Task description:
Copy the lines below, please, starting with the one that contains "V Logo (EUIPO, 16.05.2019)" and ending with the last. Pictures stay out.

[Scraped caption text data]
[Start of Attachment]
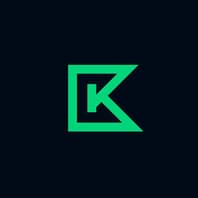 Kamoney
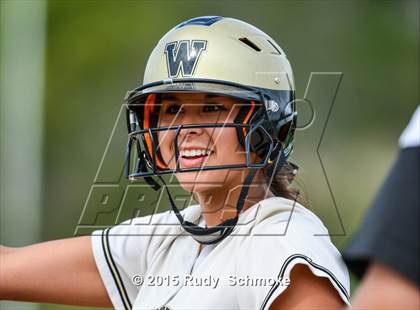 Thumbnail 1 in Poway @ Westview photogallery.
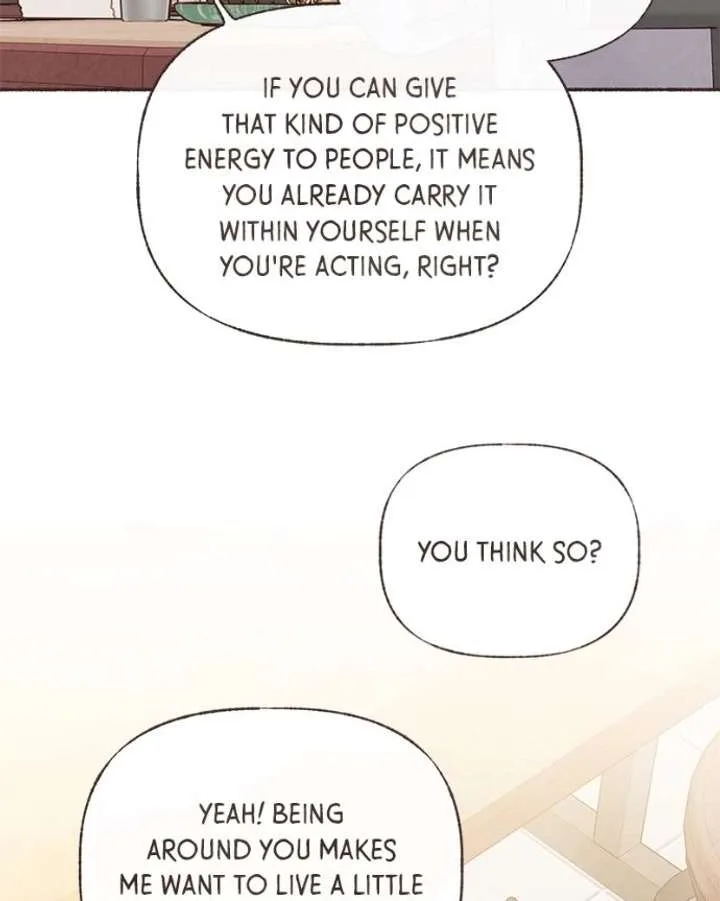 Emotional Transference Chapter 62 page 60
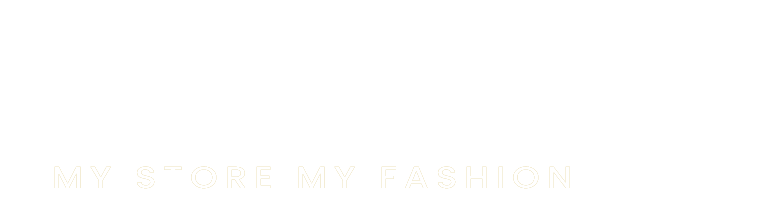 Cloverz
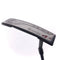 Used Cleveland Classic 4.5 2009 Putter / 34.0 Inches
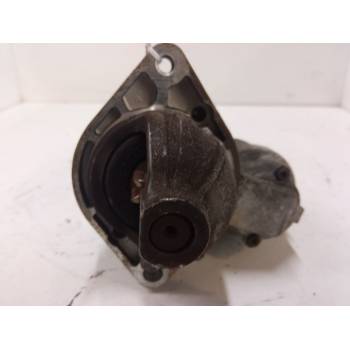 MOTOR ARRANQUE 51880229 D6G321 
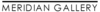 Mer_logo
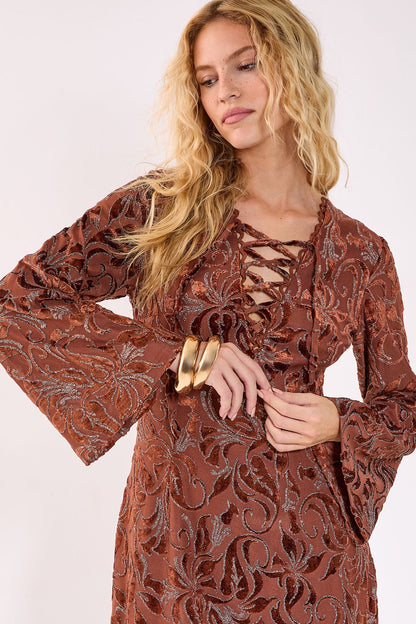 https://mediahub.prettylittlething.com/bgg27132_brown_xl_4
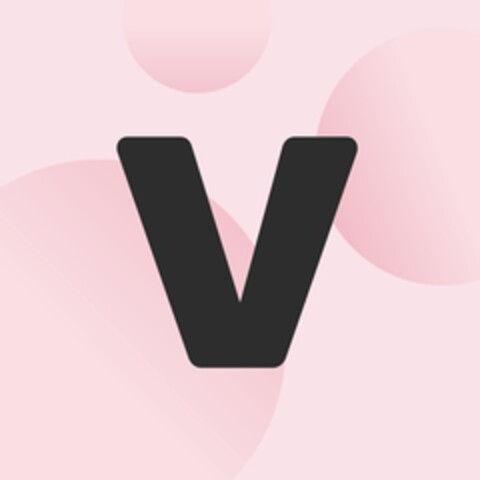 V Logo (EUIPO, 16.05.2019)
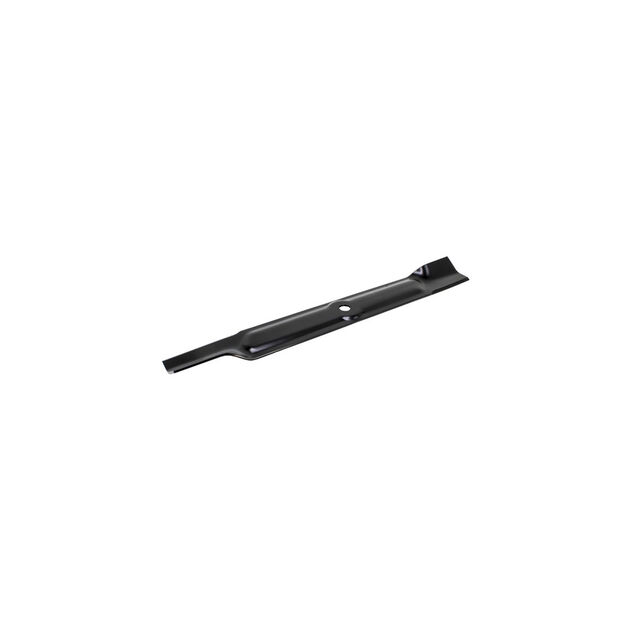 BLADE,20.50"-M-F-CW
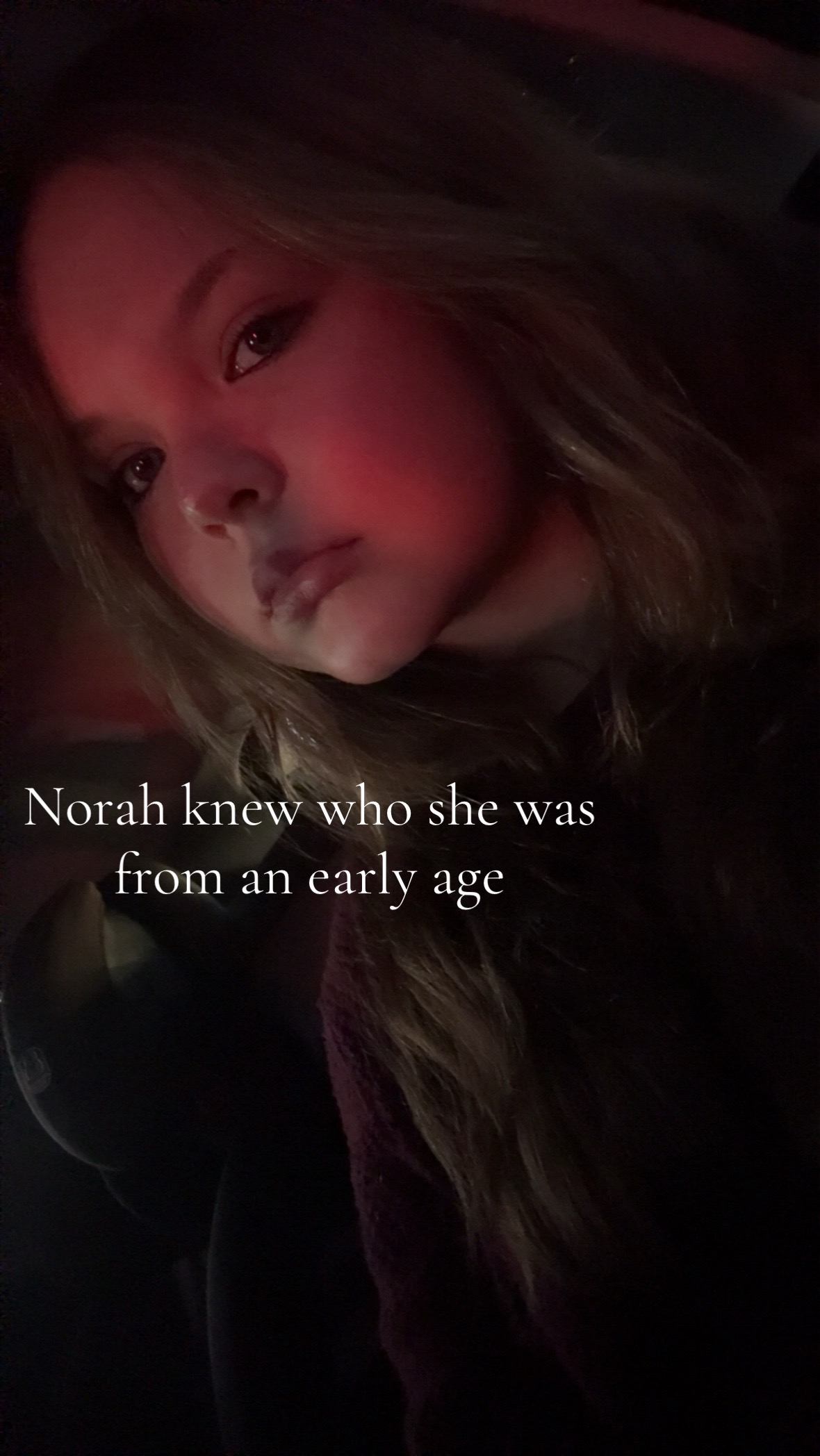 @⋆ 𖤓 ⋆˚࿔ 𝒩𝑜𝓇𝒶𝒽 ⋆ 𖤓 ⋆˚࿔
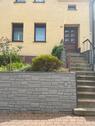 Foto - Reihenhaus - 99.000,00&nbsp;EUR Kaufpreis, ca.&nbsp; 110,00&nbsp;m&sup2;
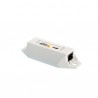 Axis T8129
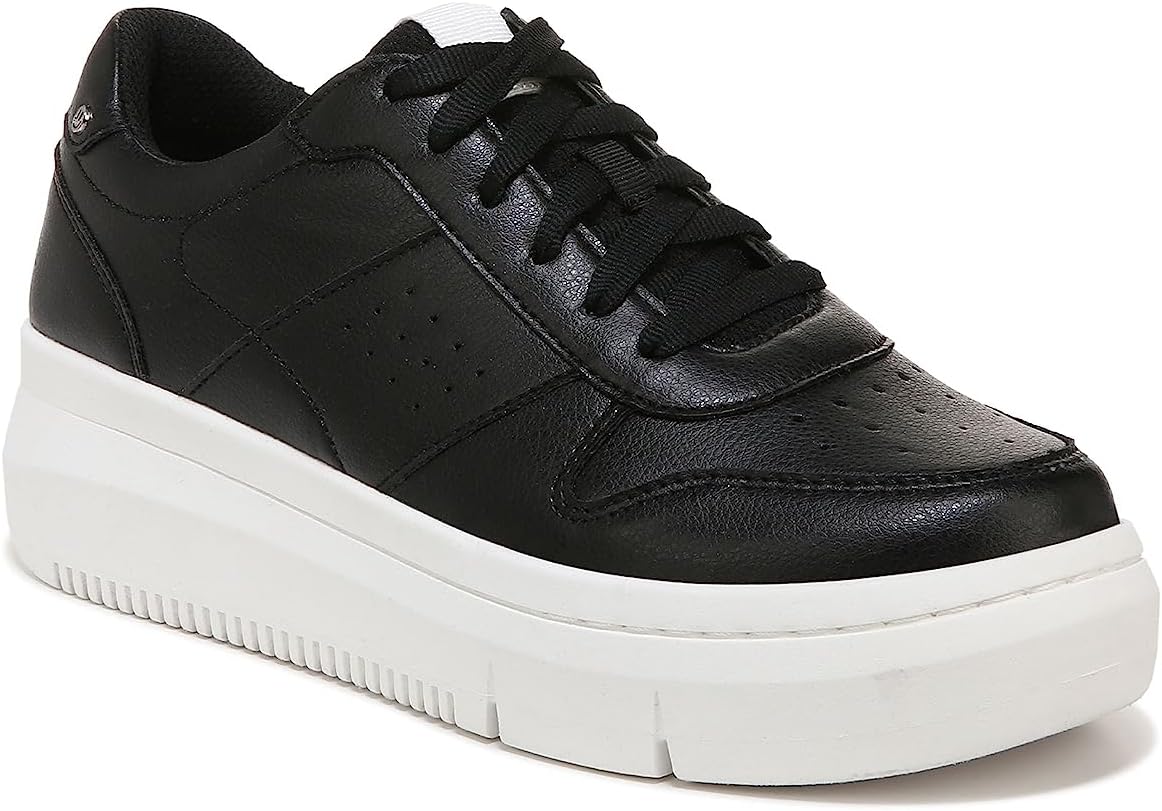 Dr. Scholl's Women's Savoy Sneakers NW/OB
[End of Attachment]
Finished exercise:
 V Logo (EUIPO, 16.05.2019)
 BLADE,20.50"-M-F-CW
 @⋆ 𖤓 ⋆˚࿔ 𝒩𝑜𝓇𝒶𝒽 ⋆ 𖤓 ⋆˚࿔
 Foto - Reihenhaus - 99.000,00&nbsp;EUR Kaufpreis, ca.&nbsp; 110,00&nbsp;m&sup2;
 Axis T8129
 Dr. Scholl's Women's Savoy Sneakers NW/OB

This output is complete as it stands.